Para un isleño, vivir lejos del mar, del sol, es un castigo.
Hacerlo rodeado de nieve, utilizando cuatro juegos de ropa encima, encerrado entre calentadores, lo es todavía más.
Suena a castigo.
Si Carlos Joaquín piensa que ser embajador es un premio, tardará muy pocos días, horas tal vez, en descubrir la verdad. En darse cuenta de que llegará a una oficina donde no ha habido un centavo, en años, para comprar una silla. Tampoco galletas.

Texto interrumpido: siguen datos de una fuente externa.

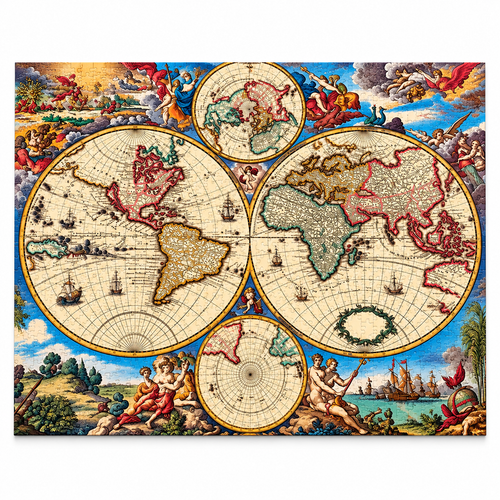Ancient World Map 1000 Piece Jigsaw Puzzle Fine Art Decor product photo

Es decir, el ya exgobernador tendrá que poner dinero de su bolsa, ejercicio que no le gusta mucho, para comprar el café que va a beberse.
En ese clima de frío, congelamiento en todos sentidos, tendrá que hablar permanentemente inglés, lo que no es igual que utilizar otro idioma a ratos; pensar en diferente lengua cuesta trabajo.
¿Y con quién va a trabajar? Con funcionarios que ya están ahí, que ya fueron nombrados por otras personas. No su secretaria, ni el chofer, ni un asistente puede ser nombrado por él. Para las costumbres de un gobernador que todo controlaba está difícil. Funcionarios que tienen sistemas, formas y fondo, diferentes de trabajo. Y que no los cambiaran por su llegada. Incluso horarios, porque si suena el teléfono de emergencia con algún problema de un mexicano, lo despertarán de inmediato.
¿Dónde va a vivir? En una casa, afortunadamente para él, ya alquilada, que ya existe. Esto es una ganancia inmensa. Pero que tampoco ha tenido presupuesto para cambiar enseres, nada se puede comprar en una embajada o consulado sin permiso expreso de la Secretaría de Hacienda; ni siquiera una licuadora o un par de sábanas. Con una tramitología que puede tardar seis meses en aprobarse. Residencia oficial que será 10 veces más pequeña que la casa de gobierno en Chetumal.
Y de coches ni hablemos. No se pueden cambiar, los viejitos que encuentre, lo descuadrados que estén, de cara a los Mercedes de otros embajadores.
A todo lo anterior deberá sumarse la infinita cantidad de correos institucionales que deberá leer y responder, de papeles a firmar, de asuntos de todo tipo que necesitarán su burocrática aprobación.
Sin presupuesto quiere decir sin presupuesto, punto. Sin que haya un centavo que llegue a la Embajada sin estar etiquetado para pagar servicios y sueldos, punto final. Porque ya no le tocó decidir sobre la fiesta del 15 de septiembre. Eso se traduce a que si va a reunirse con empresarios o personas importantes para ese turismo que debe promover, lo tendrá que hacer con su propia tarjeta de crédito. No se le pagará ni un desayuno de trabajo.
Ser pobre franciscano en el frío de bajo cero de Canadá no es el paraíso.